- WHAT YOU ARE ASKED TO DO
Print all the data, keeping every line exactly as it is.

- Dataset entries
<<<<
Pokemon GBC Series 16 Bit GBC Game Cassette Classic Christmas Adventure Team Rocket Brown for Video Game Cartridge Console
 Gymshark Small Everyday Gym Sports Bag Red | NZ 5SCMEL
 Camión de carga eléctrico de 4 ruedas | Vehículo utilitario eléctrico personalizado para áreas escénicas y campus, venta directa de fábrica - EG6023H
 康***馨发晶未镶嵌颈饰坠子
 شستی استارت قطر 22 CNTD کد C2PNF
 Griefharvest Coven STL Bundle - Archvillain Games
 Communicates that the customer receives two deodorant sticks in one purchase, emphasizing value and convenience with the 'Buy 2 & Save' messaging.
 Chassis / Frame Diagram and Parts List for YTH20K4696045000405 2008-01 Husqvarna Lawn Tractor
>>>>
- TASK OUTPUT
Pokemon GBC Series 16 Bit GBC Game Cassette Classic Christmas Adventure Team Rocket Brown for Video Game Cartridge Console
 Gymshark Small Everyday Gym Sports Bag Red | NZ 5SCMEL
 Camión de carga eléctrico de 4 ruedas | Vehículo utilitario eléctrico personalizado para áreas escénicas y campus, venta directa de fábrica - EG6023H
 康***馨发晶未镶嵌颈饰坠子
 شستی استارت قطر 22 CNTD کد C2PNF
 Griefharvest Coven STL Bundle - Archvillain Games
 Communicates that the customer receives two deodorant sticks in one purchase, emphasizing value and convenience with the 'Buy 2 & Save' messaging.
 Chassis / Frame Diagram and Parts List for YTH20K4696045000405 2008-01 Husqvarna Lawn Tractor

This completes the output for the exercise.